Last Message
Seharian ini Alea dan Nathaniel habiskan di galeri. Rasanya Alea lebih tenang saat berada di tempat yang menurut orang kebanyakan cukup membosankan. Nathaniel tidak pernah keberatan bahkan jika harus terjebak semalam penuh bersama dengan Alea. Demi melihat gadis yang ia cintai tersenyum, apa salahnya?
“Nanti kalo udah lulus pengen deh bikin pameran juga,” ucap Alea sambil menyentuh pelan sudut bingkai salah satu lukisan di hadapannya.
“Bisa, nanti galeri lo pasti penuh. Yakin deh, nanti gue yang bakalan jadi pengunjung pertama!” ujar Nathaniel.
Alea menggeleng kepala pelan, “ngarep banget.”
Nathaniel menarik kedua sudut bibirnya pelan. Cantik, dimatanya Alea selalu cantik. Senyum Nathaniel kemudian memudar, sanggupkah ia kalau harus meninggalkan gadis ini? Sebagian jiwa laki-laki itu bahkan telah direnggut oleh gadisnya.
“Al, di masa depan nanti lo nikahnya sama gue yah?” tanya Nathaniel sambil mereka berjalan ke arah pintu kelur galeri.
“Kenapa? Kan jodoh enggak ada yang tau,” jawab gadis itu.
“Harus sama gue, Al. Gue beneran enggak tau bakalan kayak gimana kalo seandainya gue gak berakhir sama lo.”
Alea sedikit menundukkan kepalanya, tersenyum pelan. Setibanya di pintu keluar galeri, Alea dan Nathaniel sama-sama mendongak ke arah langit yang ternyata sudah berganti warna menjadi jingga.
“Gue enggak perlu denger lo bilang cinta sama gue, cukup gue yang bilang kayak gitu. Gue mampu, dan gue mau.”
Alea menoleh ke samping, sedikit mendongak untuk membuat peraduan antara bola mata miliknya dengan bola mata laki-laki di sampingnya itu.
“Nat, jatuh cinta sendirian itu enggak enak. Jangan yah?

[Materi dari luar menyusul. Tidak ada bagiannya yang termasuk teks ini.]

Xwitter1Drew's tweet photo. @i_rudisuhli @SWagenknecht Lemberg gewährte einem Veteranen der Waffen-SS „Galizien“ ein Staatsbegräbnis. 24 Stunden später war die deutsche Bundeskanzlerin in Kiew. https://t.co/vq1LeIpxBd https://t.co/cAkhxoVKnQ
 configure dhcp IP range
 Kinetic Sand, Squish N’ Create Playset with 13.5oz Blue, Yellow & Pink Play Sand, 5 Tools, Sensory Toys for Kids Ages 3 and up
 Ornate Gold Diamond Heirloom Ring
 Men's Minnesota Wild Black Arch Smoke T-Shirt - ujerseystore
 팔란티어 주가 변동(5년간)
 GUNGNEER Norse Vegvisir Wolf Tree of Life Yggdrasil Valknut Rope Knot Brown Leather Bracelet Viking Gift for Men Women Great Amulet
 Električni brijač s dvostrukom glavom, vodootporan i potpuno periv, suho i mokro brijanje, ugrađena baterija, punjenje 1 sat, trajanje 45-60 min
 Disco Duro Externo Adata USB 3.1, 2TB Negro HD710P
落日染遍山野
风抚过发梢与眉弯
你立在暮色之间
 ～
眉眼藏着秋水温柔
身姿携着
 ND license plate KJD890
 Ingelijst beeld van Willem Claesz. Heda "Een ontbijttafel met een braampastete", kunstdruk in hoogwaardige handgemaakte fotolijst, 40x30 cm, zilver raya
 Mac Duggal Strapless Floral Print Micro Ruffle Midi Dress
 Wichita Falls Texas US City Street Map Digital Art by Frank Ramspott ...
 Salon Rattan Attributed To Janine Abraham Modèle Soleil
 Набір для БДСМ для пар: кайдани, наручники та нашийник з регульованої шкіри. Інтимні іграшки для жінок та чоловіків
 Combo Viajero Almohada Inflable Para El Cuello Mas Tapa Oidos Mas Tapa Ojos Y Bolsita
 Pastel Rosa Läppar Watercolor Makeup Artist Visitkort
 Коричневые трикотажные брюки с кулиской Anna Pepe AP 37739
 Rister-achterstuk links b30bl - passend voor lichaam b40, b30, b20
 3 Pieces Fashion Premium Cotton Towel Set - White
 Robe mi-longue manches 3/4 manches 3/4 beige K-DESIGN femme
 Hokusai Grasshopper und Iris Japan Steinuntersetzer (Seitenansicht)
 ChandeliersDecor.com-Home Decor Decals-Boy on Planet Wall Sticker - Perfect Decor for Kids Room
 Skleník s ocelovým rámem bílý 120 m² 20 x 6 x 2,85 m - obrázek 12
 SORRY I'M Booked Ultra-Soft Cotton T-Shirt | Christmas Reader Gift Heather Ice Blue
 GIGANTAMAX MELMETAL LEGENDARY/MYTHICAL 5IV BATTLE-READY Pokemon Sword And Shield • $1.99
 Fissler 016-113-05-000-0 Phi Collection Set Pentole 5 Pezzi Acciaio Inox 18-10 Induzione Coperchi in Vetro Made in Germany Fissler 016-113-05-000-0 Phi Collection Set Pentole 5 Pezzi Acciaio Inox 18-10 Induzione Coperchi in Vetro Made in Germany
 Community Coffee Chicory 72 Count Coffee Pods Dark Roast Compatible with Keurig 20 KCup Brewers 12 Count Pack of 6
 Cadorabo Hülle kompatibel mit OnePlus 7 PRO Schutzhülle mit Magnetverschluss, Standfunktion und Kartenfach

Jangan sia-siain cinta tulus lo buat orang yang bahkan enggak ngerti sama perasaanya sendiri.”
Nathaniel menarik lengan Alea dan merapatkan jemari mereka, Nathaniel kembali tersenyum kemudian menarik Alea untuk berpindah menuju tempat parkir.
“Deg-degan banget pas pegang tangan lo, Al. Karena udah lama kali yah. Menurut lo, tangan itu bakalan gue genggam lagi gak di kemudian hari?”
Alea memalingkan wajahnya, berusaha menyembunyikan rona merah jambu di pipinya. Lantunan lagu Strawberry & Cigarettes mengalun pelan mengisi keheningan di mobil Nathan sore itu.
“Nathan,” panggil Alea setelah memalingkan wajahnya menghadap ke arah laki-laki itu. “Lo enggak bakalan pergi kemana-mana kan?” tanya Alea.
Itu dia. Pertanyaan yang Nathaniel hindari. Dirinya belum siap mengucap salam perpisahan pada gadisnya. “Enggak.”
“Bohong.”
“Enggak, Al. Gue gak bakalan kemana-mana.”
Seberapa besar Nathaniel meyakinkan Alea bahwa laki-laki itu tidak akan kemana-mana tetap saja perasaan Alea mengatakan sebaliknya. Semenjak Nathaniel mengatakan hal buruk tempo lalu, pikiran Alea selalu tertuju pada akhir yang tidak baik.
“Enggak ada yang bisa pisahin kita, Al. Percaya sama gue.”
“Kalo ternyata lo ninggalin gue?”
Nathaniel menghela nafasnya pelan, Alea bahkan sudah menahan air matanya mati-matian.
“Dari awal lo yang ninggalin gue, Al. Lo boleh kayak gitu, lo boleh jauhin gue, lo boleh pergi dari gue. Tapi inget satu hal, Al. Kalo di tengah jalan nanti ternyata lo terluka, gue siap jadi tempat lo berpulang.”
Sia-sia Alea menahan air matanya, tarikan pelan dari Nathan meruntuhkan seluruh pertahanannya. Gadis itu menangis di dalam dekapan laki-laki favoritnya. Menumpahkan seluruh kesal, amarah, sedih, gelisah, dan rindu yang belum sempat terbalas.
“Al, percaya sama gue. Semesta gak bakalan sejahat itu sama kita.”